EU Sees Growth Opportunities in Cloud Computing

Seeing the potential impact of cloud computing on business productivity and economic growth, the European Commission recently unveiled major plans to rev up its use of this fledging technology.

Targeted key actions for “Unleashing the potential of cloud computing in Europe,” as it's called, include:

  • Cutting through the jungle of technical standards so that cloud users get interoperability, data portability, and reversibility. Necessary standards should be identified by 2013
  • Support for EU-wide certification schemes for trustworthy cloud providers
  • Development of model 'safe and fair' contract terms for cloud computing contracts including Service Level Agreements
  • A European Cloud Partnership with Member States and industry to harness the public sector's buying power (20 percent of all IT spending), shape the European cloud market, boost the growth of European cloud providers to achieve a competitive scale, and deliver cheaper and better eGovernment

The goal is to speed up and increase the use of cloud computing across the economy, as well as remove cross-border barriers such as tax issues and conflicting data-protection rules.

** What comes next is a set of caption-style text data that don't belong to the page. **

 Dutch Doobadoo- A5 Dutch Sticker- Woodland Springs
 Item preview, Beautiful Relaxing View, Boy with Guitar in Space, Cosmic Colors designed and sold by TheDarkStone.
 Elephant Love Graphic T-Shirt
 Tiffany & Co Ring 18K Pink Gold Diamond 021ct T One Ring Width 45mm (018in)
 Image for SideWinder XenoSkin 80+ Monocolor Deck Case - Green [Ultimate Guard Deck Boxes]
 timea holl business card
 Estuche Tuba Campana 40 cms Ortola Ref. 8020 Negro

And the stakes are pretty big: Investing in cloud computing could deliver a net gain of 2.5 million new European jobs, and an annual boost of €160 billion (US$207 billion) to the EU GDP (around 1 percent), by 2020. (More detailed information can be found here.)

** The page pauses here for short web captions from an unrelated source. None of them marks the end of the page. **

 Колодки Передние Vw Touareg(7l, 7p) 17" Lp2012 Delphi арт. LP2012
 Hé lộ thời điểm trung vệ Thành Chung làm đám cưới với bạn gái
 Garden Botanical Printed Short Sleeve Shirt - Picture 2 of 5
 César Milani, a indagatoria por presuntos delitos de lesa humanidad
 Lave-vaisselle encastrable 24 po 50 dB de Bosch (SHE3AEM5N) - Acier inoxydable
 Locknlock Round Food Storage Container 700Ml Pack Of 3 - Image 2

Of course, there also are benefits from economies of scale. According to the EC, about 80 percent of organizations adopting cloud computing achieve cost savings of at least 10-20 percent. Additionally, if there is widescale adoption across all economic sectors, significant productivity gains should be expected.

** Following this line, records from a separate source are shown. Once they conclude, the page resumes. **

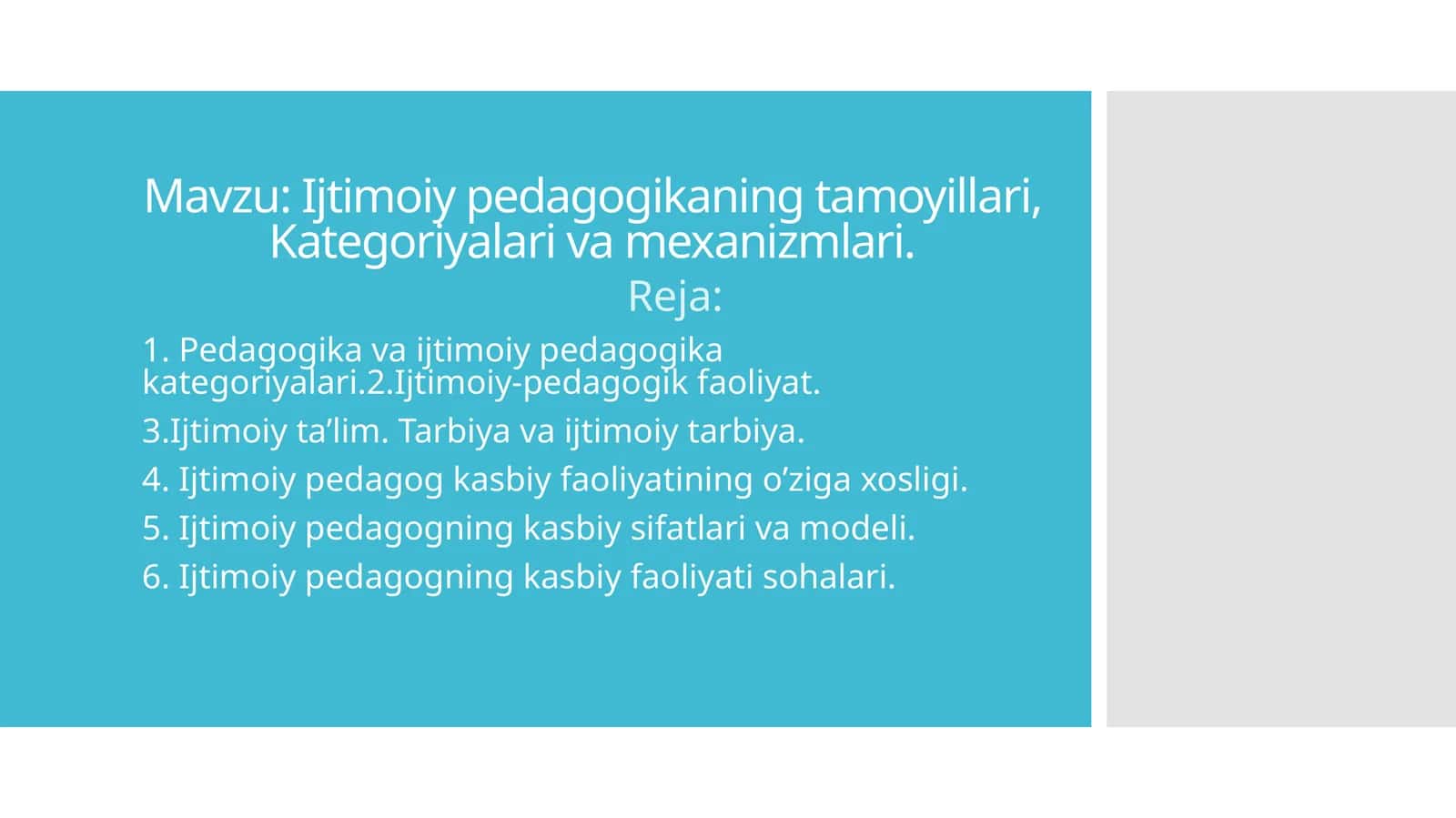 Ijtimoiy pedagogikaning tamoyillari, Kategoriyalari va mexanizmlari (2)
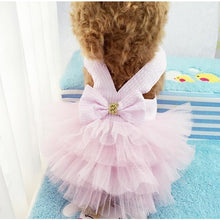 Load image into Gallery viewer, Pups! Bow Dress - 6 colours available - Pups Closet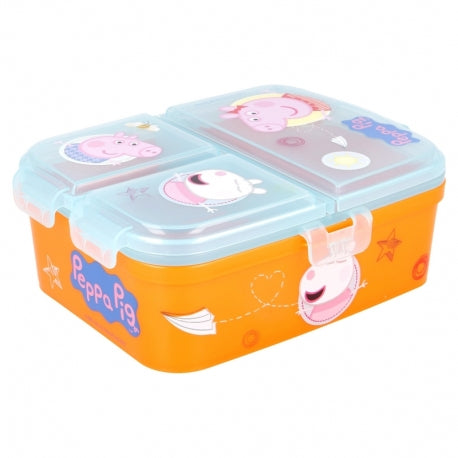 Stor - XL Multi compartment Sandwich Box | PEPPA PIG KINDNESS COUNTS Stor - XL Multi compartment Sandwich Box | PEPPA PIG KINDNESS COUNTS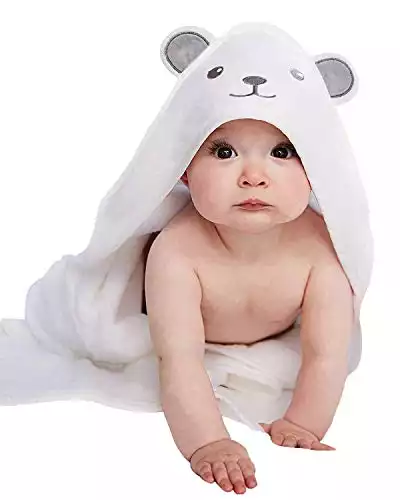 Bamboo Hooded Baby Towel - Softest Hooded Bath Towel with Bear Ears
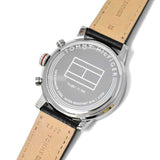 Buy Shop Tommy Hilfiger Jake Chronograph Black Dial Black Leather Strap Watch for Men - 1791232 USA Online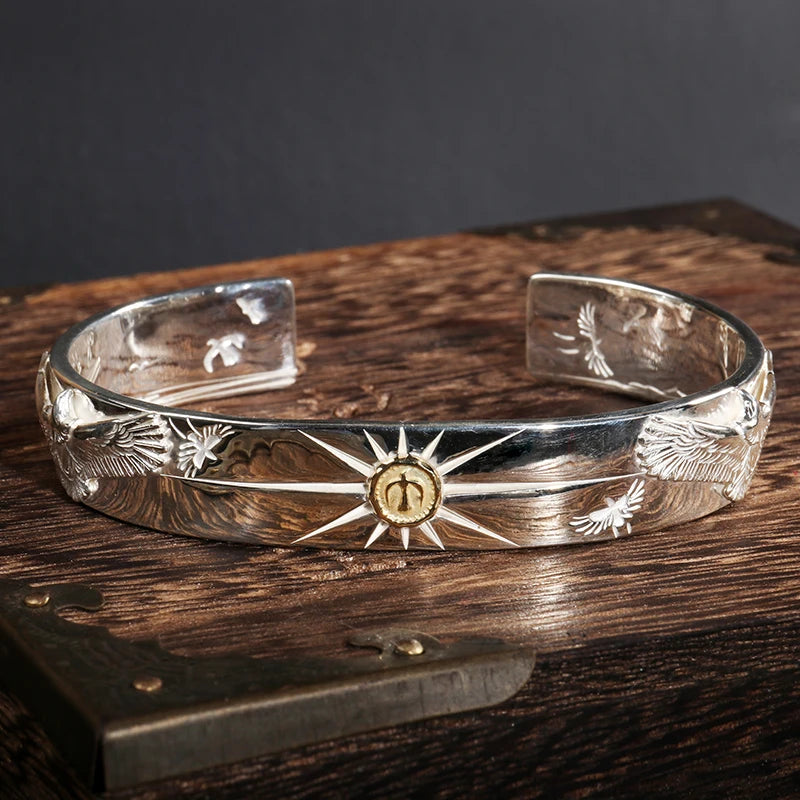 Retro Style Silver Bracelet Men Women Jewelry Accessories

However, because of an absence of common standards, many potential users are deterred from adopting cloud solutions — they're not sure what standards and certificates they should look for to meet their requirements and legal obligations, the EC noted.

“Cloud computing is a game-changer for our economy. Without EU action, we will stay stuck in national fortresses and miss out on billions in economic gains,” said Neelie Kroes, vice president of the European Commission and commissioner for Digital Agenda, in a statement. “We must achieve critical mass and a single set of rules across Europe. We must tackle the perceived risks of cloud computing head-on.”

“Cloud computing could be the answer, especially when talking about citizens and small and medium size enterprises. It is less costly. It is safe. It is indeed very efficient,” Kroes added in this video interview. “It's not that I want a European cloud. I want a clear, effective, and efficient strategy for what Europe is offering and what we are defending.”

The cloud computing strategy announcement follows the Commission's 2012 proposal to update the Data Protection rules and comes ahead of a European Strategy for Cyber Security to be proposed in the coming months. According to the announcement, these actions forge “a comprehensive effort to deliver a dynamic and trusted internet environment in Europe.”

I suppose we'll see how far the EC goes with this. Beyond straight guidelines, some people cited in a Wall Street Journal report voiced concerns about whether Europe's standard will be compatible with those being developed in the US, while others said the proposal is watered down from earlier drafts.

What's important is that the European Union is looking at how technology can help move it out of its slump, and is seeking non-traditional ways to spur the economy. It also appears that some new cloud computing milestone has been reached — when governments start talking about this, you know it has finally caught on among businesses and the masses.

3 comments on “EU Sees Growth Opportunities in Cloud Computing

  1. Barbara Jorgensen
    October 8, 2012

    Jenn: Good point about the EU moving to stimulate the economy. Not a bad move all things conidered. Sure, there are still a lot of questions about the cloud. But waiting for them to all be answered isn't going to move things along. Someone recently pointed out that the EU tends to move quickly (relative to the US) when it is motivated. Case in point; RoHS and WEEE. Sure, the standards need tweaking, but one could argue that they are better than not doing anything at all.

  2. SP
    October 9, 2012

    Yes agreed, when it comes to European Union, they are quite strict in setting deadlines and sticking to it. Lets see what growth oppurtunities they would bring in for cloud computing. Therez lot of sharing you can do in cloud computing that reduces cost and makes easy accessibility.

  3. Mr. Roques
    October 9, 2012

    What they were seeing was that the rest of the World was ahead and they can't afford to miss out. Europe has great places to create clouds, and also, many companies that can benefit from that… instead of letting that business go to a foreign company.